Lawrence Berkeley National Laboratory, in collaboration with Oak Ridge National Laboratory, published findings on the new material earlier this month and found that contrary to the behavior of most materials on Earth, this particular alloy is actually I explained that it becomes tougher and more ductile under low temperature conditions.
“When you design a structural material, you want it to be not only strong but also ductile and resistant to fracture,” said one of the project’s co-leaders and director of advanced alloy theory and development at ORNL and the University of Tennessee. President Easo George said. .
This alloy is composed of chromium, cobalt, and nickel (CrCoNi) and is a member of a subset of alloys known as high entropy alloys.
“The toughness of this material near the temperature of liquid helium (20 Kelvin, -424 Fahrenheit) is as high as 500 megapascal square root meters,” said another project leader, Berkeley Lab’s Materials Science Division. said Robert Ritchie, senior faculty scientist at . Richie went on to explain what these numbers mean for beginners. According to scientists, under the same conditions, silicon is 1, aluminum used in airplanes is about 35, and the toughness of the highest steel is 100 megapascal square root meter, the unit used to measure materials. can only manage. resistance to destruction.
“So 500 is a staggering number,” Richie said.
George and Ritchie began their work almost a decade ago, but limited resources limited the two researchers to testing the alloy at liquid nitrogen temperatures. They are”[find] facilities that allow stress testing of samples in such cold environments, and [recruit] Team members equipped with the necessary analytical tools and experience to analyze what is happening within materials at the atomic level,” according to a government press release announcing their findings, and further on the properties of the new materials.
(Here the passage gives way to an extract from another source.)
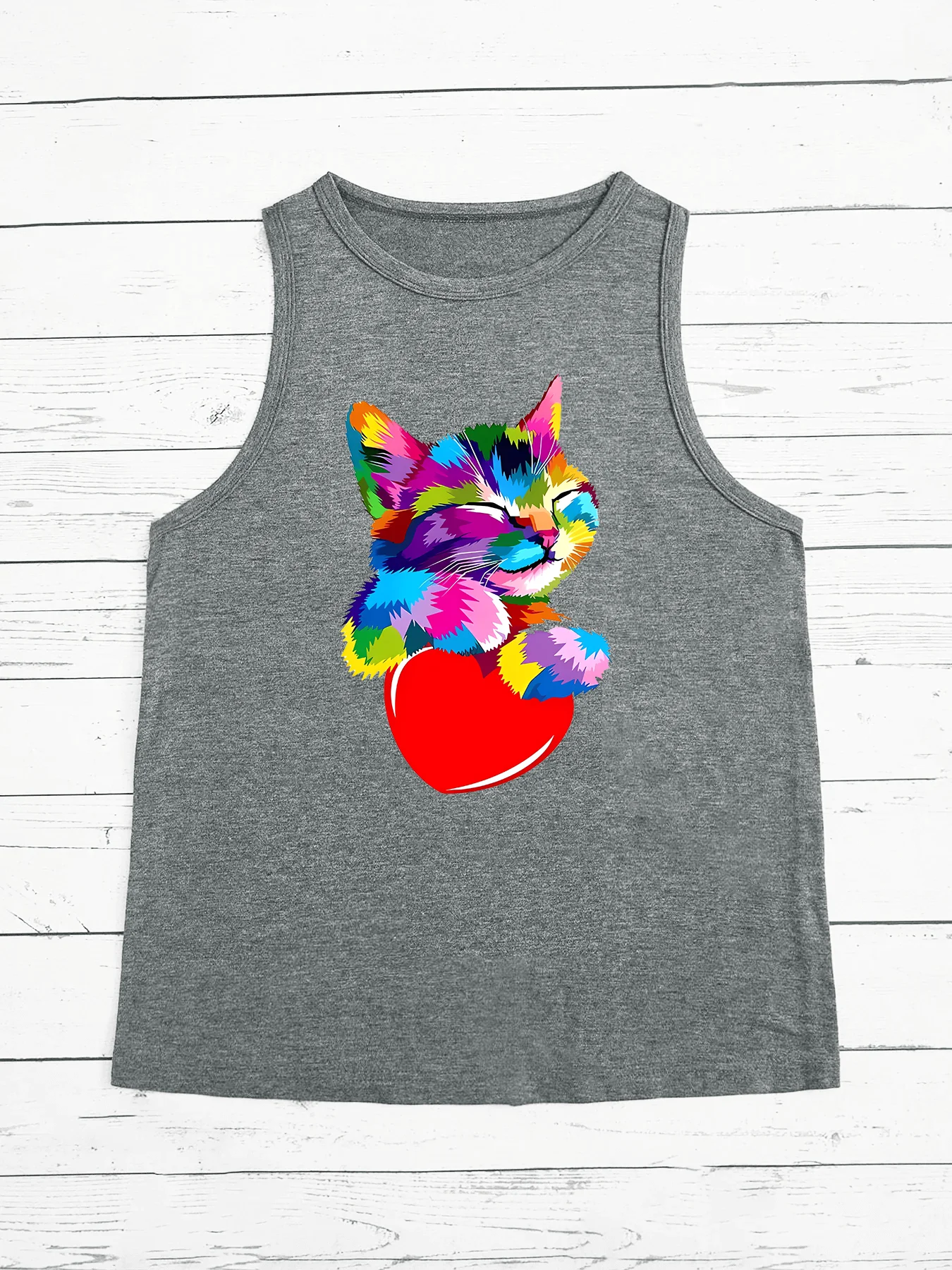 Amor feminino Colorido Gato Símbolo do Coração Regatas, Solto, Gola O, Sem Mangas, Casual, Esportivo Moda, Engraçado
Discussed.
Using neutron diffraction, electron backscatter diffraction, and transmission electron microscopy, Ritchie, George, and colleagues at the Berkeley Lab, the University of Bristol, the Rutherford Appleton Laboratory, and the University of New South Wales have previously generated We investigated the lattice structure of the CrCoNi sample. Destroyed at room temperature and 20 K. Cracks are then measured. )
Images and atomic maps generated from these techniques reveal that the toughness of alloys is due to a trio of dislocation disturbances that affect in a specific order when a force is applied to the material. . First, the movement of dislocations causes regions of the crystal to slide away from other regions lying in parallel planes. This motion displaces the layers of unit cells so that their patterns no longer match the direction perpendicular to the gliding motion, creating a kind of disturbance. When more force is applied to the metal, a phenomenon called nanotwinning occurs. In this phenomenon, regions of the lattice form mirror symmetry across the boundary. Finally, as forces continue to act on the metal, the energy injected into the system changes the arrangement of the unit cell itself, causing the CrCoNi atoms to switch from a face-centered cubic crystal to another arrangement known as hexagonal close-packing.
This series of atomic interactions ensures that the metal continues to flow, but also continues to encounter new resistance from obstacles, well past the point where most materials snap from strain. When you pull it, the first mechanism starts, then the second mechanism starts, then the third mechanism starts, then the fourth mechanism starts,” Ritchie explains. “Now a lot of people will say, well, we’ve seen nano-twinning in regular materials, we’ve seen slip in regular materials. That’s true. Nothing new about it, but these The fact that everything happens in this magical sequence gives us these truly wonderful properties.”
According to Lawrence Berkeley National Laboratory, the material is expensive but could have practical uses in deep space exploration.